Plus de 4000 variants du SARS-CoV-2 ont été identifiés à travers le monde. Il s’agit, somme toute, d’un processus naturel puisque le virus acquiert des mutations au fil du temps, pour assurer sa survie.

Mais quatre variants sont considérés par l’Organisation mondiale de la santé (OMS) comme « préoccupants ». Il y a le variant détecté en Angleterre, en Afrique du Sud puis au Brésil (deux variants y ont été observés dont le P1 classé préoccupant) et enfin celui apparu en Inde.

L’OMS a décidé de renommer ces variants du coronavirus avec des lettres grecques afin d’avoir des noms plus faciles à retenir tout en évitant des appellations discriminatoires. L’idée de l’OMS est d’avoir des noms faciles à prononcer et à retenir sans stigmatisation.

Les noms scientifiques continueront d’exister, car ils fournissent des données utiles aux experts, mais l’OMS ne les utilisera plus dans sa communication quotidienne.

Le variant britannique rebaptisé Alpha

Apparu pour la première fois en septembre 2020 au Royaume-Uni, le variant britannique appelé VOC 202012/01 ou B.1.1.7, a été signalé par les autorités du Royaume-Uni le 14 décembre 2020 et a depuis causé une forte hausse des cas.

Le variant anglais est non seulement plus contagieux mais aussi 64% plus mortel que le coronavirus classique. Il continue de se propager de manière significative à travers le monde.

Le variant sud-africain rebaptisé Beta

S’il n’est pas plus mortel que le SARS-COV-2, il est 1,5 fois plus contagieux selon des experts sud-africains. Baptisée 501Y.V2, cette mutation découverte en décembre dernier « est 50% plus transmissible ».

Le variant brésilien rebaptisé Gamma

Deux variants brésiliens sont originaires d’Amazonie. Le premier variant, le B1.1.248, a été détecté début janvier au Japon sur une famille en provenance du Brésil et plus précisément d’Amazonie.

Fin janvier, un second variant, appelé P.1 a fait son apparition. Il est « l’un des 18 variants du coronavirus qui ont circulé dans l’Etat d’Amazonas depuis le début de la pandémie ».

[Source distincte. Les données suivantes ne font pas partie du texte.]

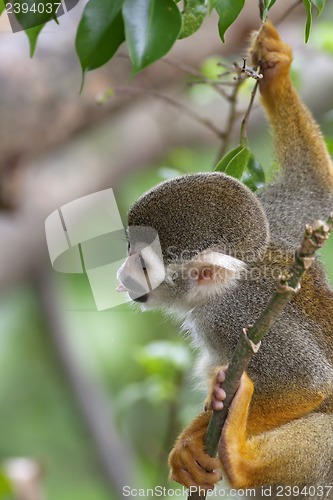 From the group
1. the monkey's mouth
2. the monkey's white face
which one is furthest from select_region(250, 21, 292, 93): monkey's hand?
the monkey's mouth

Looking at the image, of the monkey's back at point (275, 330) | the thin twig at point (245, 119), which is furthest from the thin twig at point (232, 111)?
the monkey's back at point (275, 330)

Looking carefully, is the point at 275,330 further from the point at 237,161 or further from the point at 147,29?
the point at 147,29

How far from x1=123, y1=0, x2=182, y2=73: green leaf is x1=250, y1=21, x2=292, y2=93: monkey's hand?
5.44ft

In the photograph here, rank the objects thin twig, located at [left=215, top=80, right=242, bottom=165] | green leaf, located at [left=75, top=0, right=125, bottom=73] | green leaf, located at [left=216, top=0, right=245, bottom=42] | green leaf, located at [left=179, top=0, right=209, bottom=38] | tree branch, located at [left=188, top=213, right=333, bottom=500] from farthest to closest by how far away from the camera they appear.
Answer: thin twig, located at [left=215, top=80, right=242, bottom=165] < green leaf, located at [left=179, top=0, right=209, bottom=38] < green leaf, located at [left=216, top=0, right=245, bottom=42] < green leaf, located at [left=75, top=0, right=125, bottom=73] < tree branch, located at [left=188, top=213, right=333, bottom=500]

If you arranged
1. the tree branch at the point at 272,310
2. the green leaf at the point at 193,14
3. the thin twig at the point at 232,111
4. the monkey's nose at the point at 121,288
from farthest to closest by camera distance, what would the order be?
1. the thin twig at the point at 232,111
2. the monkey's nose at the point at 121,288
3. the green leaf at the point at 193,14
4. the tree branch at the point at 272,310

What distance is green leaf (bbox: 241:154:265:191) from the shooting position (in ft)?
Answer: 10.3

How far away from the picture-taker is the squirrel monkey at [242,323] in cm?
301

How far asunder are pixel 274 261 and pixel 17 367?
5.37 meters

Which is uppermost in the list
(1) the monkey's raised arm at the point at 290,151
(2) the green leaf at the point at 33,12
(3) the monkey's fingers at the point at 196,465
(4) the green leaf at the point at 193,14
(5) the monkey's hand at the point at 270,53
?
(2) the green leaf at the point at 33,12

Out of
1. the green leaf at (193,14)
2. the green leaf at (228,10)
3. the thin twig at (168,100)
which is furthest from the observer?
the thin twig at (168,100)

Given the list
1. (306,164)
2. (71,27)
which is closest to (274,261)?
(306,164)

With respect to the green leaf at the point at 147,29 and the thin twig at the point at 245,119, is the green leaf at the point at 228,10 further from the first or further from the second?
the thin twig at the point at 245,119

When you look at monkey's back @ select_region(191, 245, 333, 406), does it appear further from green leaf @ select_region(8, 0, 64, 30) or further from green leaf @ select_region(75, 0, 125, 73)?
green leaf @ select_region(8, 0, 64, 30)

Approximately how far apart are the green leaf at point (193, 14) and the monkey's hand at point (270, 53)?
1.10m
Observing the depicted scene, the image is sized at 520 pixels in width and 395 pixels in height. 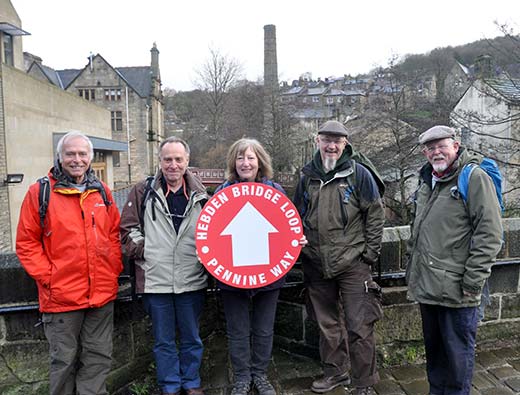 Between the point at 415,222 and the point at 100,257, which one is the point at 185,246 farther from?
the point at 415,222

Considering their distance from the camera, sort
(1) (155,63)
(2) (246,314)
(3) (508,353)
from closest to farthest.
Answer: (2) (246,314)
(3) (508,353)
(1) (155,63)

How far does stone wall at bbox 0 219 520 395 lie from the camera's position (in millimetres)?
3156

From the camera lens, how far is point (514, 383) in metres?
3.36

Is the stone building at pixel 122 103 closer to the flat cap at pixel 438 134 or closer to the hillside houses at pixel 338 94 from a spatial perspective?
the hillside houses at pixel 338 94

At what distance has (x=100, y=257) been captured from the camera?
2.88 m

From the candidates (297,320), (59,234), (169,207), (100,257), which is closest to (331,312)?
(297,320)

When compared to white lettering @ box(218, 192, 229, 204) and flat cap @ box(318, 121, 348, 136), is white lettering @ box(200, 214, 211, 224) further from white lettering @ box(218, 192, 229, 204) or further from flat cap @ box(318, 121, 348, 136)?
flat cap @ box(318, 121, 348, 136)

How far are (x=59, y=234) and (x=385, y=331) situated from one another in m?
2.75

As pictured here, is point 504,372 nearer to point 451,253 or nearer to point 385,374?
point 385,374

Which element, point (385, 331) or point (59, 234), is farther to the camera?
point (385, 331)

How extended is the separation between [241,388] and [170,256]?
1080 mm

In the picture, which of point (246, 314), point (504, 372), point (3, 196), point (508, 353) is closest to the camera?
point (246, 314)

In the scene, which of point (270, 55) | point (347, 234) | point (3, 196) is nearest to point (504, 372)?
point (347, 234)

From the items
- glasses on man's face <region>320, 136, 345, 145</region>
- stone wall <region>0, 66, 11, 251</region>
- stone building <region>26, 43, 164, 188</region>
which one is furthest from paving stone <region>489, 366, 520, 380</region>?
stone building <region>26, 43, 164, 188</region> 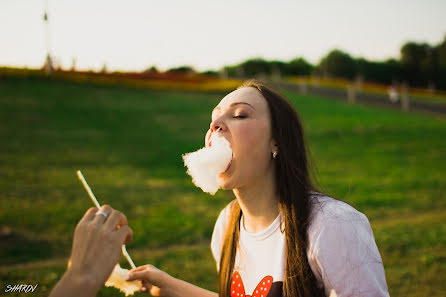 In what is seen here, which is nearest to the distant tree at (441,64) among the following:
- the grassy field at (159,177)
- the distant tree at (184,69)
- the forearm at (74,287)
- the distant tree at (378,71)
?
the distant tree at (378,71)

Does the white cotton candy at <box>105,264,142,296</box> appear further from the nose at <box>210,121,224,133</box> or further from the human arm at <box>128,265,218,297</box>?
the nose at <box>210,121,224,133</box>

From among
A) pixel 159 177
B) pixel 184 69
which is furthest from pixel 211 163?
pixel 184 69

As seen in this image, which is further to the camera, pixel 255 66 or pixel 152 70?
pixel 255 66

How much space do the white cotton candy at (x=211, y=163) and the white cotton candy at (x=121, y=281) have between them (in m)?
0.58

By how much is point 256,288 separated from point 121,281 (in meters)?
0.66

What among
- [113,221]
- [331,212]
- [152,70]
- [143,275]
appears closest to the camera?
[113,221]

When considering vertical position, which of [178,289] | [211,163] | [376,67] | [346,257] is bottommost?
[178,289]

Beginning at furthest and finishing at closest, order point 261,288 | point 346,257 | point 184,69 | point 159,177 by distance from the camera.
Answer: point 184,69 < point 159,177 < point 261,288 < point 346,257

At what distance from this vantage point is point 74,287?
4.35 ft

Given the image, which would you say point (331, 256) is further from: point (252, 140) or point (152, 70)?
point (152, 70)

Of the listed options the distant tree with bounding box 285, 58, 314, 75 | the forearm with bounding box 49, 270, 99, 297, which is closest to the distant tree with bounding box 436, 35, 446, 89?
the distant tree with bounding box 285, 58, 314, 75

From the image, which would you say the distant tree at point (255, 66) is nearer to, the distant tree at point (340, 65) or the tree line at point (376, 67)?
the tree line at point (376, 67)

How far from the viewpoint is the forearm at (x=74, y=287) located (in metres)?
1.32

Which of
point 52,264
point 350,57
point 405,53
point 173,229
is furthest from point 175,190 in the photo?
point 405,53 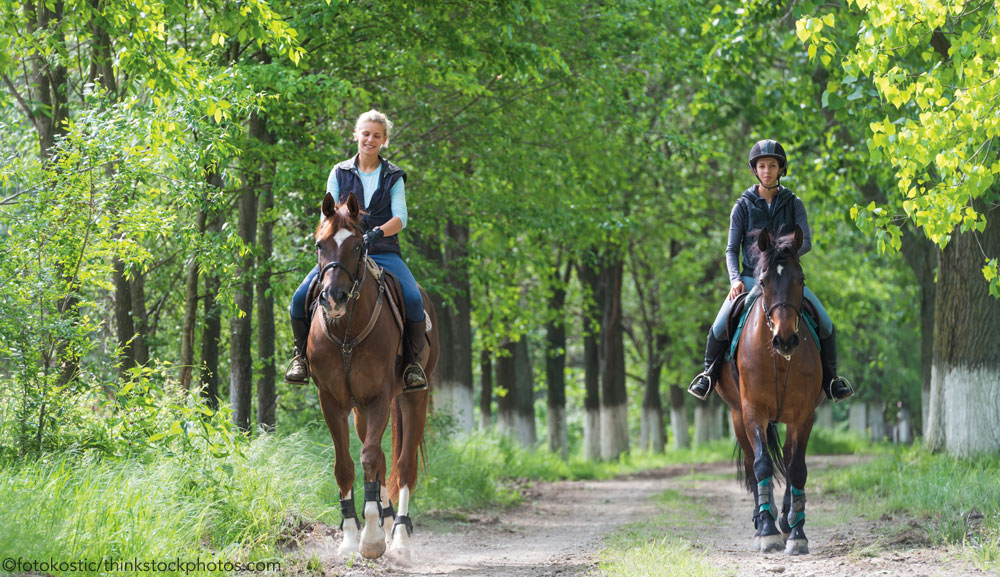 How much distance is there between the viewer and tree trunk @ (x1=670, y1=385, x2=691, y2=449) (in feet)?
120

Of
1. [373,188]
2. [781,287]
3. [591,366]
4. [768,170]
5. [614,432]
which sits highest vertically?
[768,170]

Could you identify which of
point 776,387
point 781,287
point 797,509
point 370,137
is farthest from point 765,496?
point 370,137

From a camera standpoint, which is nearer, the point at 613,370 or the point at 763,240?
the point at 763,240

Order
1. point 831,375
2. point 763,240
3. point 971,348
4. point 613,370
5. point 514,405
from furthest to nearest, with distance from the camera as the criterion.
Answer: point 613,370, point 514,405, point 971,348, point 831,375, point 763,240

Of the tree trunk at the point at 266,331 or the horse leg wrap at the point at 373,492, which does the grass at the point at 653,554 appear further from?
the tree trunk at the point at 266,331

Des enquêtes récemment menées par l’OMS, ont cependant montré que le variant P.1 avait « une transmissibilité accrue par rapport aux variants circulant auparavant ». Il serait aussi « 1,1 à 1,8 fois plus susceptible d’entraîner la mort », tout en soulignant qu’il s’agit « de résultats préliminaires et qu’ils ne sont pas généralisables à d’autres contextes ».

Le variant indien : Delta et Kappa

Le variant, appelé par le nom de sa lignée, B.1.617, a été baptisé Delta et Kappa. Ce variant a été détecté dans l’ouest de l’Inde en octobre dernier. Il est qualifié de « double mutant » parce qu’il est notamment porteur de deux mutations préoccupantes au niveau de la protéine de pointe (« spike ») du virus Sars-CoV-2.

Ses caractéristiques font craindre qu’il soit plus « résistant » face aux vaccins actuels contre le Covid-19, développés pour reconnaître la protéine spike des souches précédentes du coronavirus.

Il s’agit aussi d’un variant plus contagieux, qui facilite une augmentation du nombre de contaminations, à l’heure où de nombreux pays tentent de juguler une troisième ou une quatrième vague de l’épidémie.